In December of 1963, the Rev. Dr. Martin Luther King, Jr. gave a talk at Western Michigan University on the theme of social justice and the emerging new age. In it he said:
“All I’m saying is simply this, that all life is interrelated, that somehow we’re caught in an inescapable network of mutuality tied in a single garment of destiny. Whatever affects one directly affects all indirectly. For some strange reason, I can never be what I ought to be until you are what you ought to be. You can never be what you ought to be until I am what I ought to be. This is the interrelated structure of reality.”
This thought by Dr. King catches the sense of what this Angel was implying, but there was more to it even than this. It was, I think, an invitation to see ourselves as revolutionaries in the context of seeking to overthrow oppressive and limiting thought forms and ways of thinking.

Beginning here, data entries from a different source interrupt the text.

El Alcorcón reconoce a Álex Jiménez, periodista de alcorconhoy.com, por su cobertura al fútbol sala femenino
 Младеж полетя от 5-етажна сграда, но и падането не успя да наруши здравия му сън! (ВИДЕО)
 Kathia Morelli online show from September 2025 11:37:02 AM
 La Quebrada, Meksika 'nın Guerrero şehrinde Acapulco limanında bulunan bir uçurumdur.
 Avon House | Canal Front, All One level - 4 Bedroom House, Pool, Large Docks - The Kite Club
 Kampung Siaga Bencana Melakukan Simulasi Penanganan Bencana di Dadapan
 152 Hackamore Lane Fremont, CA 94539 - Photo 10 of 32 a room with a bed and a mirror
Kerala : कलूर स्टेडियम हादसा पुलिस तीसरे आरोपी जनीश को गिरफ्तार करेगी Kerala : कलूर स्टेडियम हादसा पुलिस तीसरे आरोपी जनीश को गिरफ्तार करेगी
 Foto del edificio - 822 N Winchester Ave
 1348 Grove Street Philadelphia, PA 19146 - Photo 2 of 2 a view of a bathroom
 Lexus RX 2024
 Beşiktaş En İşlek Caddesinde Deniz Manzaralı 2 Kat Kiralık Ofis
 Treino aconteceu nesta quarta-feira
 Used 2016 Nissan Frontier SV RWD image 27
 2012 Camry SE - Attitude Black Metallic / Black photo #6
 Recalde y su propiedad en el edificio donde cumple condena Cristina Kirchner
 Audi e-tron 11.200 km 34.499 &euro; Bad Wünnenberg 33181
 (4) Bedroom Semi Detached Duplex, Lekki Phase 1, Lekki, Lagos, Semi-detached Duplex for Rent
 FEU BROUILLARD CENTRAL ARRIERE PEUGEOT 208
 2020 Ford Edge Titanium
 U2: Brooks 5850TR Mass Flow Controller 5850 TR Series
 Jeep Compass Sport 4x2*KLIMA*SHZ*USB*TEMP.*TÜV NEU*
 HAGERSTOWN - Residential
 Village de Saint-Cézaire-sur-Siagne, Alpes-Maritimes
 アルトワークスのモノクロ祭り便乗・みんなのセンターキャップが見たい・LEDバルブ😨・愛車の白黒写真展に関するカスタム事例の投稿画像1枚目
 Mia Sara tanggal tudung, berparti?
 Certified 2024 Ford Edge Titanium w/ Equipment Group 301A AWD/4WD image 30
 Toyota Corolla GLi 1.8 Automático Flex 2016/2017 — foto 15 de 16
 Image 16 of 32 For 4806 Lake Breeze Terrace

We, of course, are focused on the physical realm; it is the environment most apparent and immediate to all of us. But our colleagues and helpers in the spiritual realms deal with the invisible environment of subtle energies, thoughts and feelings. This environment can be every bit as oppressive as a tyrant; it can be every bit as harmful as a department of secret police. Certainly it can’t cause us physical pain and suffering, at least not directly, but it’s this environment that in its polluted and negative states gives rise to and energizes such physical phenomena such as tyrants and secret police, torture and terrorism, murder and mayhem. It’s this environment that can hold beliefs and thought forms that limit our conceptions of ourselves, that blind us to the wholeness of the earth, that make us doubt the goodness of the earth and the presence of the Sacred.
It is the oppression of this inner tyranny of ancient and outworn thoughts, emotions, habits, and beliefs that all of us, all of humanity, is now struggling against, like a butterfly trying to break out of a cocoon. We are all being called to make our way to the Tahrir Square of our minds and hearts, there to stand together and demand the old ways step down so a new humanity may emerge.
The world and we revolve around this pivot point of history in search of a new and better tomorrow, demanding creative and holistic change. The Revolution is upon us! What inner tyrannies will you overthrow today?